Kommunalwahl im Landkreis München:Neu denken

Annette Ganssmüller-Maluche will für die SPD den Chefsessel im Landratsamt gewinnen. Dafür gab sie ihr bisheriges Berufsleben auf - und scheut auch provokante Thesen nicht.

Von Inga Rahmsdorf

Haar, BH, Annette Ganssmüller-Maluche wird Landrats-Kandidatin der SPD,

Annette Ganssmüller-Maluche ist Landrats-Kandidatin der SPD im Landkreis München.

(Foto: Angelika Bardehle)

Es ist ein ungewöhnlicher Ort für einen Wahlkampf. Annette Ganssmüller-Maluche fährt in Linienbussen, verteilt dort Lebkuchenherzen und unterhält sich mit den Fahrgästen. Die 52-jährige SPD-Politikerin tourt seit Wochen mit dem öffentlichen Nahverkehr durch die 29 Gemeinden des Landkreises München - nicht nur, um mit den Wählern ins Gespräch zu kommen, sondern auch, weil sie fordert, dass man künftig kostenlos kreuz und quer mit allen 44 Buslinien durch den Landkreis fahren sollte.
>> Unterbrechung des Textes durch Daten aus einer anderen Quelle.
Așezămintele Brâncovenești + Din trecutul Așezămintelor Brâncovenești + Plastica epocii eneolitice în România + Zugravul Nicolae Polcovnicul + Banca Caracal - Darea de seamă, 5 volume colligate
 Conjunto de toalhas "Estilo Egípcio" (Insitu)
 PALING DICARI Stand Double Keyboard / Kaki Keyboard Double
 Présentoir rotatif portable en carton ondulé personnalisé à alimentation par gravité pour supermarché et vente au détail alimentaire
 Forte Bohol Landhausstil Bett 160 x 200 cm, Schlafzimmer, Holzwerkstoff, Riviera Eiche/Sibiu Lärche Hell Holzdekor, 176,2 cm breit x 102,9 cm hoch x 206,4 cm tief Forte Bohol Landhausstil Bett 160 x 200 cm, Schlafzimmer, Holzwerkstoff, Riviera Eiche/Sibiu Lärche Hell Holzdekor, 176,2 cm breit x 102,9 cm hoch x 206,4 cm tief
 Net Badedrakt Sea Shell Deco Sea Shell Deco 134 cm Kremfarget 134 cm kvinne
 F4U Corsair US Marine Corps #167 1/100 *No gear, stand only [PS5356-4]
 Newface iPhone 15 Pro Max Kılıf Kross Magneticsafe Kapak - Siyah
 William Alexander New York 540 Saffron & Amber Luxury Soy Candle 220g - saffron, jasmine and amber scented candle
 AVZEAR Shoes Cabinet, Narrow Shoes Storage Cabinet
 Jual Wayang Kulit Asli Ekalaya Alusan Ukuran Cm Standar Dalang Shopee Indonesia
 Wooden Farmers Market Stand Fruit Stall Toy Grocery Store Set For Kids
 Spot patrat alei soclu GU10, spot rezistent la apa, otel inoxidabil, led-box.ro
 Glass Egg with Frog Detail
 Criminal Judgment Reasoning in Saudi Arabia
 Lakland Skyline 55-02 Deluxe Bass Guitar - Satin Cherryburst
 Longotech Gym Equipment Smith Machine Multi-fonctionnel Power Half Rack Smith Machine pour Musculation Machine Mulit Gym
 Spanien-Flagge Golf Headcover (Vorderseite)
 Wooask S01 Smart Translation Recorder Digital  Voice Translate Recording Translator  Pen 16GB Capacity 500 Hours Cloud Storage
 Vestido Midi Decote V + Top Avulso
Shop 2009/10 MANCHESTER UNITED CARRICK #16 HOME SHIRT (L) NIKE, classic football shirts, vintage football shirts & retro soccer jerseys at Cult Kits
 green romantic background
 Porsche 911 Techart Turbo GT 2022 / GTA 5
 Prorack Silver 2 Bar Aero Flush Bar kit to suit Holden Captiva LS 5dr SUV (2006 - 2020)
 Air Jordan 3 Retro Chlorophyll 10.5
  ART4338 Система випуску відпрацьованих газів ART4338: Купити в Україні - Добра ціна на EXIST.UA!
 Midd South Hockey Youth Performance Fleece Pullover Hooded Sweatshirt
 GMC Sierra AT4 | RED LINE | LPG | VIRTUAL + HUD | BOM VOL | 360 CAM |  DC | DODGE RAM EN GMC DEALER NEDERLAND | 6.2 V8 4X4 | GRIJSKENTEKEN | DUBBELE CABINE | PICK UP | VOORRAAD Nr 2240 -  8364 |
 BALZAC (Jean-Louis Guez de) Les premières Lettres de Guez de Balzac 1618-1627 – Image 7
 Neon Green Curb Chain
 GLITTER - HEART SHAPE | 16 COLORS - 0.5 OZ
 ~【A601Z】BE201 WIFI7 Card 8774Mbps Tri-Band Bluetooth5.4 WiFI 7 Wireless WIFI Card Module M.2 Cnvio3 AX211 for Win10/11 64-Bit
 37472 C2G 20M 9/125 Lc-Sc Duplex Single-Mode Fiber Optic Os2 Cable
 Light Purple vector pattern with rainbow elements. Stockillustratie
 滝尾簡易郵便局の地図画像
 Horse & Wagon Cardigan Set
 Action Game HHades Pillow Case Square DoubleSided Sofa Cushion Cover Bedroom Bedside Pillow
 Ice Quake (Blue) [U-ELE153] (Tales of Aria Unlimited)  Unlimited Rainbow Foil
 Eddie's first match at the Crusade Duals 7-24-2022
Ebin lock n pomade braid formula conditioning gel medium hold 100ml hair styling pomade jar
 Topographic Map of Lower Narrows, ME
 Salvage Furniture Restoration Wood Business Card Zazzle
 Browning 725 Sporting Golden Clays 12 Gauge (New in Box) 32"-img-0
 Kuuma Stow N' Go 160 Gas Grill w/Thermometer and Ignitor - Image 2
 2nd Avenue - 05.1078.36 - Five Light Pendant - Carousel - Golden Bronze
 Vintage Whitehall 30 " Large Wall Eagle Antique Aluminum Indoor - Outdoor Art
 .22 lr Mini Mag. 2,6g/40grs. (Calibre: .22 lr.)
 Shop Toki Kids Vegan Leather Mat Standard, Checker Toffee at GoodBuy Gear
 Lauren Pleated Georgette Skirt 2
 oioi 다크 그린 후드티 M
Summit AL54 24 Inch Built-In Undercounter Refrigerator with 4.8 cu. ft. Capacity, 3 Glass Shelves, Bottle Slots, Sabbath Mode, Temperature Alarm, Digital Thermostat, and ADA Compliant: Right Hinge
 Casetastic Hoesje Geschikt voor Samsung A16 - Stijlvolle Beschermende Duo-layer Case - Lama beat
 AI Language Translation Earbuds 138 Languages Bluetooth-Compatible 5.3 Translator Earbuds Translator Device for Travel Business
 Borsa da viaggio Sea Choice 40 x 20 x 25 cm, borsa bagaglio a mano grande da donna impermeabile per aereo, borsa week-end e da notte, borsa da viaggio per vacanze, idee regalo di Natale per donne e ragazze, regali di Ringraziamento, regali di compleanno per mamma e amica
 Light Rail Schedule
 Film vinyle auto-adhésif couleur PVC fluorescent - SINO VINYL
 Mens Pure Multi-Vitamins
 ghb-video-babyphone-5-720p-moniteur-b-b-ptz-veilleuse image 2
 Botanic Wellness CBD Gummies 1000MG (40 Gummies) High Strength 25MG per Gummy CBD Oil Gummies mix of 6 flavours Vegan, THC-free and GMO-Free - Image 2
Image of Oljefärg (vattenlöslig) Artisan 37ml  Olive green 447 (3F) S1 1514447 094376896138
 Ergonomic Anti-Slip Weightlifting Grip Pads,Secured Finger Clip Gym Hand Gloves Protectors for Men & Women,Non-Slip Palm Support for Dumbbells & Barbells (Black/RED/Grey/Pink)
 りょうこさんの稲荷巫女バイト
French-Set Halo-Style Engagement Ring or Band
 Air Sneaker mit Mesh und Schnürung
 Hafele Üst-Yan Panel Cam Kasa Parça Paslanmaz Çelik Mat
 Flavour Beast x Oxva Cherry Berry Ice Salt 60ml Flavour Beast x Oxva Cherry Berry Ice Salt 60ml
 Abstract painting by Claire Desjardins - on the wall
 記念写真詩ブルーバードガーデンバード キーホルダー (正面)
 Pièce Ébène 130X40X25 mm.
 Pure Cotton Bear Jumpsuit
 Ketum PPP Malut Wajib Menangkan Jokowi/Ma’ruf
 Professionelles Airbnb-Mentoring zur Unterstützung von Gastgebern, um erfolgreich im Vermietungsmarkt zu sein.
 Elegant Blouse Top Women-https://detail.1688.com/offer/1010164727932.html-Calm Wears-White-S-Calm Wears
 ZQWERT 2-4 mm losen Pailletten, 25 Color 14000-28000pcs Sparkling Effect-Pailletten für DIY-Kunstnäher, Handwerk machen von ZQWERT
Annette Ganssmüller-Maluche will Landrätin werden. Ihre Parteikollegin, die derzeit noch amtierende Landrätin Johanna Rumschöttel, darf aus Altersgründen nicht erneut antreten. Die Idee mit den kostenlosen Busfahrten, die Ganssmüller-Maluche gleich zu Beginn ihres Wahlkampfes auf die Agenda hob, soll wohl auch deutlich machen: Die Kandidatin will zwar die Politik von Rumschöttel fortsetzen, aber mit eigenen Akzenten. Für ihren Vorschlag "Busfahren zum Nulltarif" musste sie allerdings schon eine Menge Kritik einstecken. Das sei nicht mehr als ein unrealistischer Wahlkampf-Gag, konterten sogleich die Kandidaten der anderen Parteien.

Von ihrer Forderung ist Ganssmüller-Maluche deshalb nicht abgerückt. Sie engagiert sich seit mehr als 20 Jahren in der Kommunalpolitik und weiß, dass man manchmal hartnäckig sein muss, um Ziele durchzusetzen. Für kostenlosen öffentlichen Nahverkehr seien schließlich keine Investitionen notwendig, argumentiert sie. "Ja, es ist ein ambitioniertes Projekt, aber weniger Verkehr und weniger Lärm, das wünscht sich schließlich jeder im Landkreis", sagt sie. Finanzieren will sie die Busfahrten durch eine Erhöhung der Kreisumlage um zwei Prozentpunkte. "Und selbst wenn wir merken, es überfordert uns, könnten wir es schließlich wieder ändern", sagt die SPD-Politikerin. Sie wolle "neu denken und auch mal etwas Neues ausprobieren".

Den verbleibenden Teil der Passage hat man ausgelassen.